My instinct urged me to stick my free thumb into the other eye socket. That was similarly dumb. I’d been jaded by the gore long ago, but I’d never had my thumb in an eyeball. I was nauseous, and he was unfazed. Blindness didn’t affect him much, since he was on top of me.
I needed to change that. He was strong, but he wasn’t heavy. I rolled us over, still careful to avoid his teeth. From there, I pushed down on his eye sockets, and pushed myself up to straddling him.
Wow. I mean, WOW, am I glad I wasn’t going ‘commando.’
One thing I’ve found out about these guys is that while their muscles are strong, their bones are not. While he grabbed at me, I pulled the P90 back around and mashed at his arms with the butt of it. A few good mashes to the face, too.
I jumped off of him, and watched this ex-human try to stand with broken arms. To moan with half a head. I felt the thing’s blood dripping on me.

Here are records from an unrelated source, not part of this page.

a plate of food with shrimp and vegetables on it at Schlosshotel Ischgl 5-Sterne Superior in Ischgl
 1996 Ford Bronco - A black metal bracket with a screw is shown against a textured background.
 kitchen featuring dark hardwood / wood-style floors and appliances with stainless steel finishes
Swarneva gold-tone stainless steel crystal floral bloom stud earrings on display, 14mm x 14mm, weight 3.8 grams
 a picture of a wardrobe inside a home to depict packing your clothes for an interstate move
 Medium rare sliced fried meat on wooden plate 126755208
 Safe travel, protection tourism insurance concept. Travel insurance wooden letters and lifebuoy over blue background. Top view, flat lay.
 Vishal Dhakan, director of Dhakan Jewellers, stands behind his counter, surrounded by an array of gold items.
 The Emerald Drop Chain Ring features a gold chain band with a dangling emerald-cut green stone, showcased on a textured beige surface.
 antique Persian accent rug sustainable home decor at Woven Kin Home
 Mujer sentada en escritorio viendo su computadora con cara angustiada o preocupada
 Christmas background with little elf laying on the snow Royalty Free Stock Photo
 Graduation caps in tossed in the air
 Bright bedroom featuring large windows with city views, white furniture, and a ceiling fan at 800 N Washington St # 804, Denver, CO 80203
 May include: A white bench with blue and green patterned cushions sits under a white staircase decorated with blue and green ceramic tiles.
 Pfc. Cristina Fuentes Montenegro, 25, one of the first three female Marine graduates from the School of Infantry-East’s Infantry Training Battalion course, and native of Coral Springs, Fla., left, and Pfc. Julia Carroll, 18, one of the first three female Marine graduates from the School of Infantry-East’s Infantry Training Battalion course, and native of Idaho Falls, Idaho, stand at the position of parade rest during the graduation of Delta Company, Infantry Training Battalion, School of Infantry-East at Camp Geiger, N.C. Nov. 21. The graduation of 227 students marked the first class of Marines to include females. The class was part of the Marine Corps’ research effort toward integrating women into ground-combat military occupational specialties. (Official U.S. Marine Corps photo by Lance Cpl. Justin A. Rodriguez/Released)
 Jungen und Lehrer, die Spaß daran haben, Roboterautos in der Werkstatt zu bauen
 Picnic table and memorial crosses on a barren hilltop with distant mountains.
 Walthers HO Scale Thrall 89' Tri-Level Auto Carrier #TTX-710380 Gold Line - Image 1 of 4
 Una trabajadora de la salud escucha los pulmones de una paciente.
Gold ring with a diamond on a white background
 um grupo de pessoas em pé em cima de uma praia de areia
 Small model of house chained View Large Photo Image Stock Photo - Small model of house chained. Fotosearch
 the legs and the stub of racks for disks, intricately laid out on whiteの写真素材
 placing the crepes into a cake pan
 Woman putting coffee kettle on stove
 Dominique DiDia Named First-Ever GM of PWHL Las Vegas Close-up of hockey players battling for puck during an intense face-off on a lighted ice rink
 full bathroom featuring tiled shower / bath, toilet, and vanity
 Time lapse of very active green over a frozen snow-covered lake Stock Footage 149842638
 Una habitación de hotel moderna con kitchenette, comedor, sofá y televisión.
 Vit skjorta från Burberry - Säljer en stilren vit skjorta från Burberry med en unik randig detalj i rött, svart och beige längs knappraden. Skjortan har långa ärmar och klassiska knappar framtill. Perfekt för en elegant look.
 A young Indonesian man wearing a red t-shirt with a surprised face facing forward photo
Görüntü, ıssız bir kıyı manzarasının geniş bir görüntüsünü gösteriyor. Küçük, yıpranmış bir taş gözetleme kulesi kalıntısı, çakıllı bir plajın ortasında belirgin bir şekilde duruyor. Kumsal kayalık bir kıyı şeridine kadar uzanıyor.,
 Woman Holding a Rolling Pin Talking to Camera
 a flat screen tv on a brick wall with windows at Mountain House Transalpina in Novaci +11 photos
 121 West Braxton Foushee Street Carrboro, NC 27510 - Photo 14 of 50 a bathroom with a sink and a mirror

In the movies, this is the moment when the hero sinks back, stares at the creature with pity and revulsion, sees the damage, sees the vitreous stuck to the knife. The hero looks at her hands and realizes how brutal they’d become, and qu
estions everything.
In the movies.
For me? It was Tuesday.
__________
This story was originally published on Morgen Bailey’s Writing Blog, August 30, 2013.)
Terry Schott was a voracious reader right from the start. He says, “When I was in Grade 1 I blew through all the book primers the teacher had. In Grade 3 my teacher Miss Bentley gave me a copy of ‘How to Eat Fried Worms’ just because she knew I liked to read and she wanted to give me a gift for the summer.”
His father recognized his love for reading as a good trait and said, “Son, I'm not a reader, but it looks like you are. You read them, I'll buy them for you.” Terry read them, and his father was as good as his word.
A few years ago, he says, he began to find it difficult to read. Each trip to a bookstore brought the feeling that it was time for him to start writing books rather than only reading them; for the longest time, Terry says, “I would ignore it and read a book.”
The feeling didn’t go away, so finally he gave in and began to write; first an easy little book about customer service entitled The Gold Apples, then a science fiction novel about a computer game, the kids that play it, and the world that watches with rapt attention as they play.
That book, The Game, turned into a series, and more books keep coming.
CHARLATAN
Terry Schott
“Excuse me,” Jake said. “I’d like a reading, please.”
A plain white table separated the two men; the standard equipment given by the trade show organizers for displayers to use. Most of the booths were dressed up. Occupants brought their stages with them and did their best to stand out amongst the competition to either side of them. Examples of this included covering the tables with elegant coloured cloths and paraphernalia; pamphlets, crystals, binders with testimonials for the passerby to read, a small stand detailing rates and services for hire. Considerable time and effort was committed for designing a display that would hopefully bring eager clients in for a special ‘spiritual experience.’